- WHAT YOU HAVE TO DO -
From the line containing "Xiaomi SU7 — Фото автомобиля 2" through the last line of the entries below, print each line exactly. Pictures stay out.

- DATA LISTING -
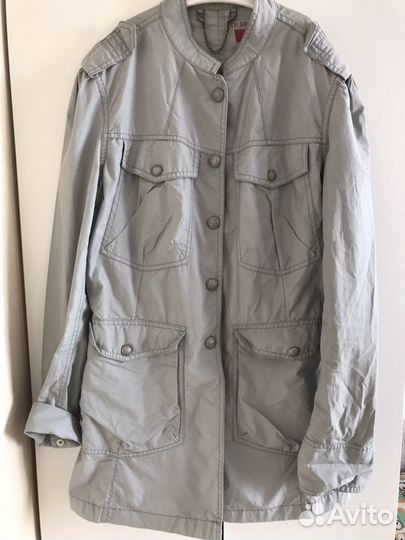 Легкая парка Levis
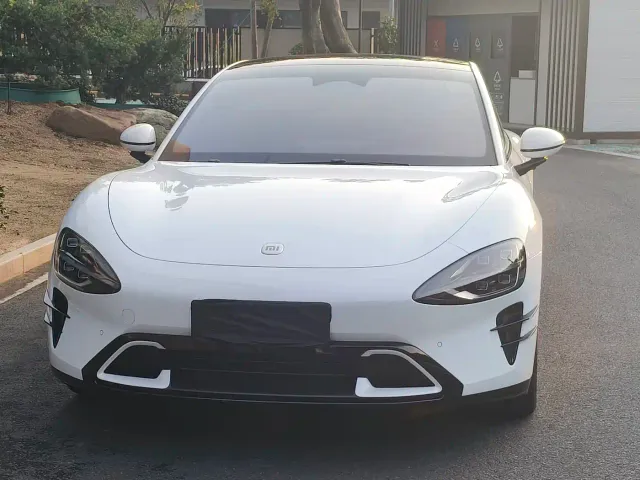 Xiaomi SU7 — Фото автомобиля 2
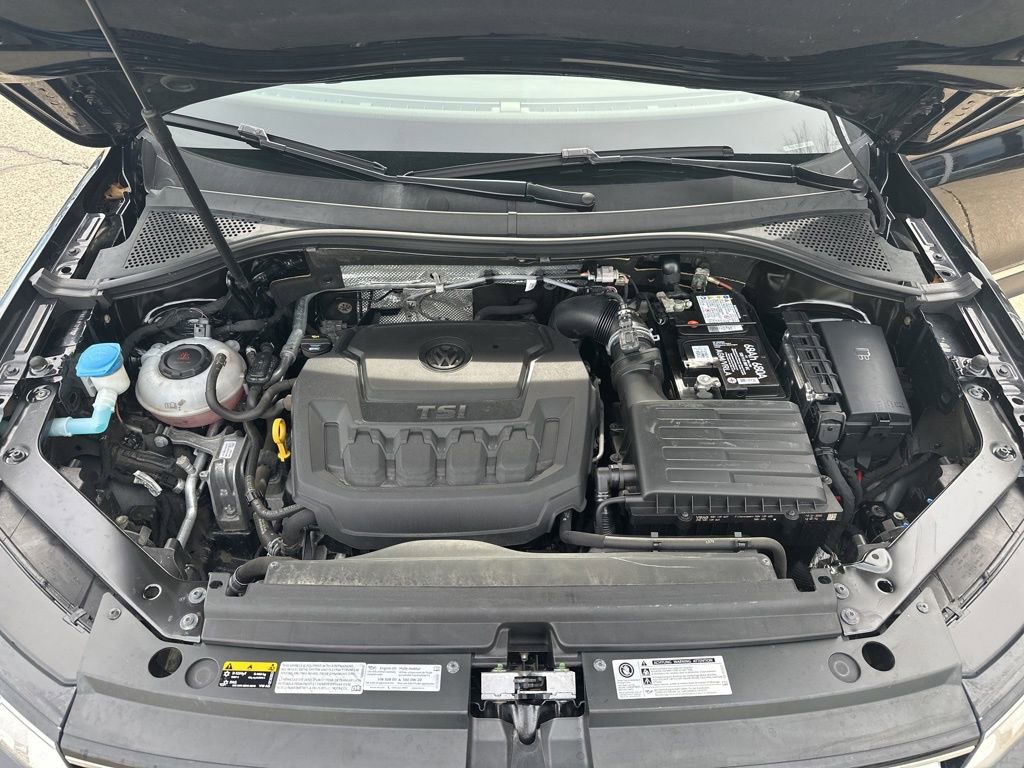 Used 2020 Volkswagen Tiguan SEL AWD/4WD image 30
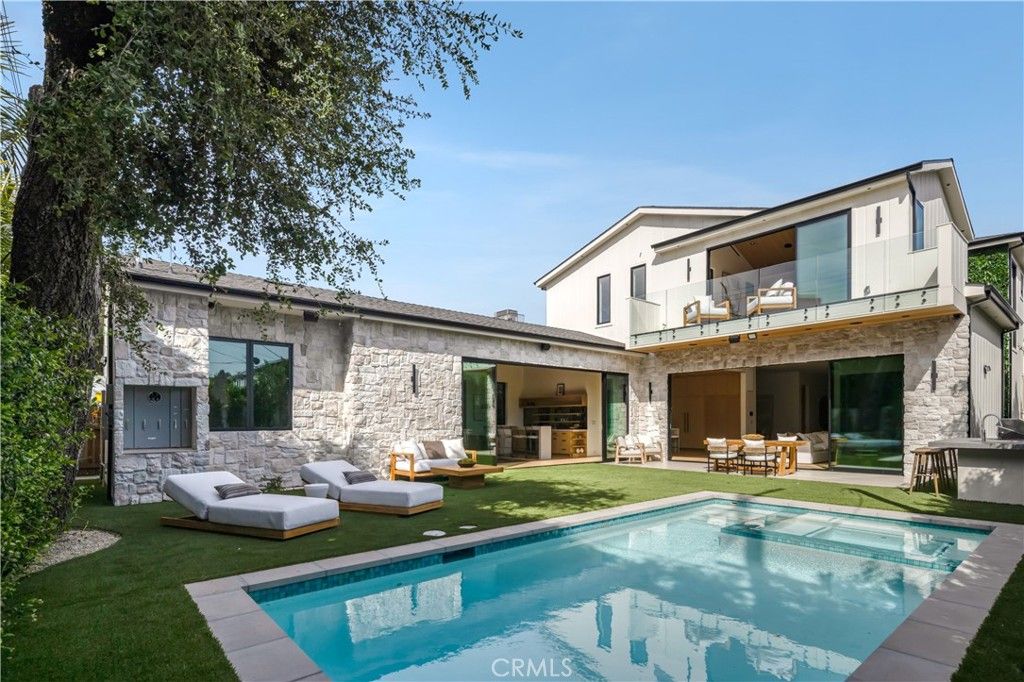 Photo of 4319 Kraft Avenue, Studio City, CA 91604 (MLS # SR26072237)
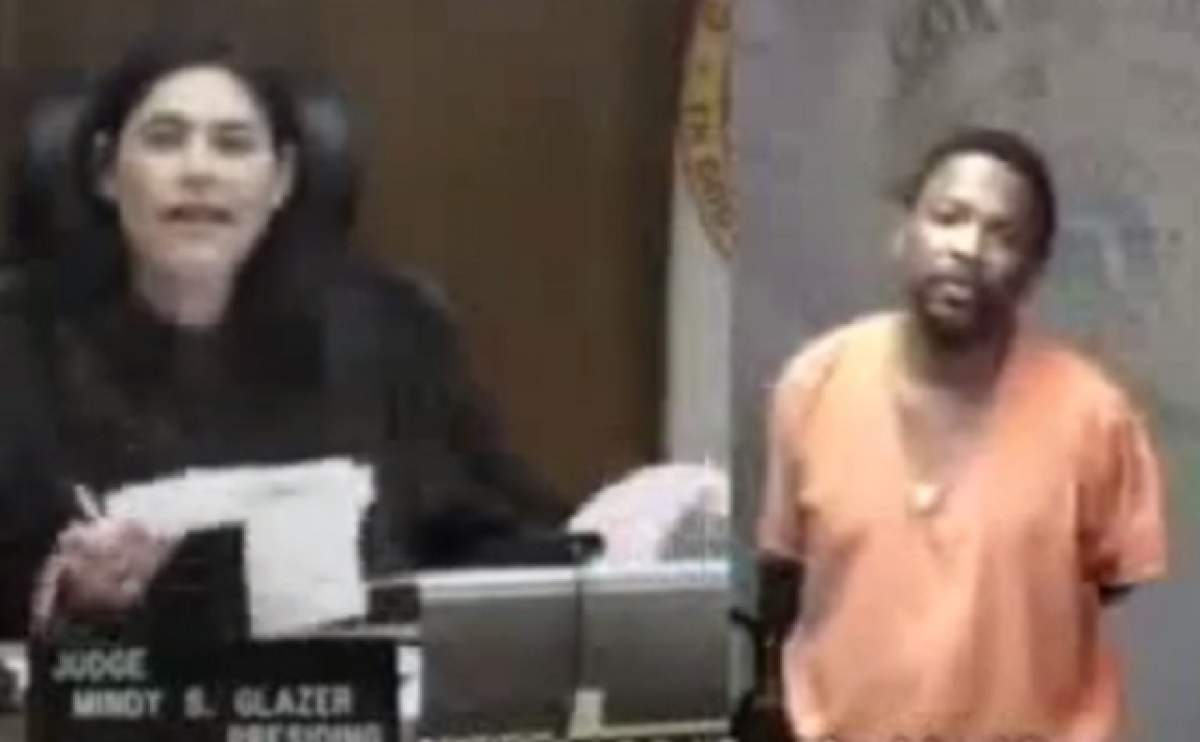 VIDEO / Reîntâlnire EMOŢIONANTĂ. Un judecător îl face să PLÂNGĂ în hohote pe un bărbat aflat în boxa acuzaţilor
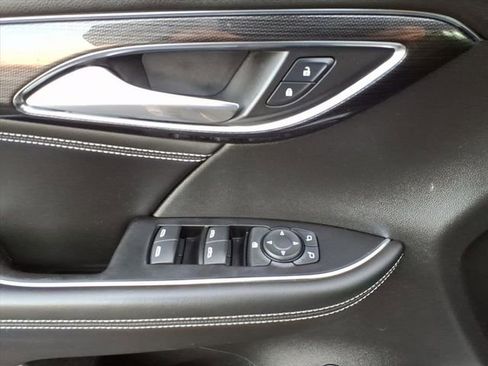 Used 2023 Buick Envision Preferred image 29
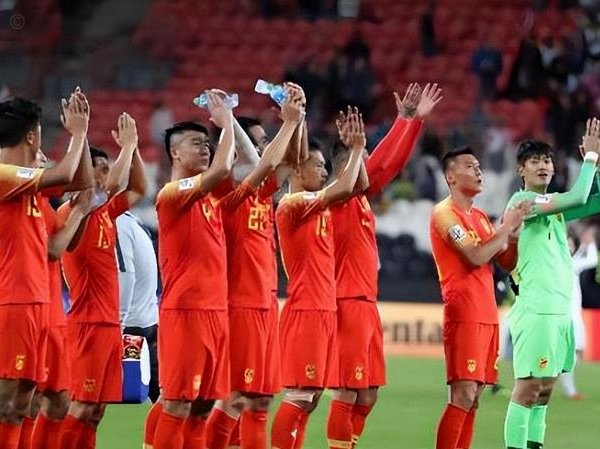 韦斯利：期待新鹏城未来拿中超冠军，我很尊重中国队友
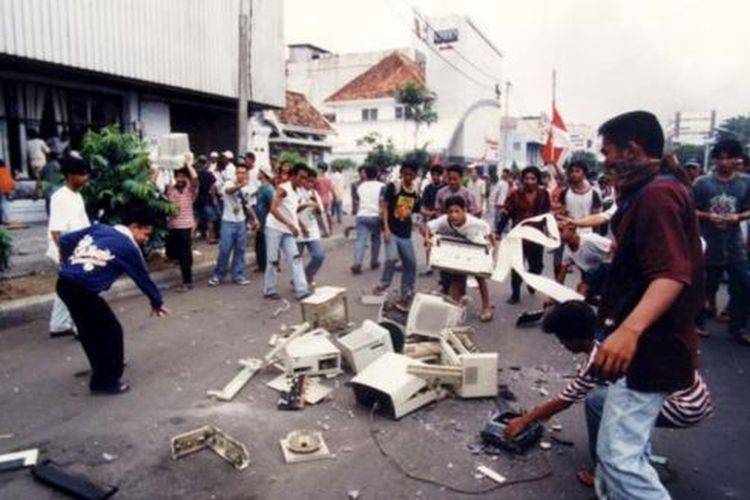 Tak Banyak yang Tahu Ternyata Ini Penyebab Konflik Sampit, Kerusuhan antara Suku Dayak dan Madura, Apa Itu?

- REPLY TO THE EXERCISE -
 Xiaomi SU7 — Фото автомобиля 2
 Used 2020 Volkswagen Tiguan SEL AWD/4WD image 30
 Photo of 4319 Kraft Avenue, Studio City, CA 91604 (MLS # SR26072237)
 VIDEO / Reîntâlnire EMOŢIONANTĂ. Un judecător îl face să PLÂNGĂ în hohote pe un bărbat aflat în boxa acuzaţilor
 Used 2023 Buick Envision Preferred image 29
 韦斯利：期待新鹏城未来拿中超冠军，我很尊重中国队友
 Tak Banyak yang Tahu Ternyata Ini Penyebab Konflik Sampit, Kerusuhan antara Suku Dayak dan Madura, Apa Itu?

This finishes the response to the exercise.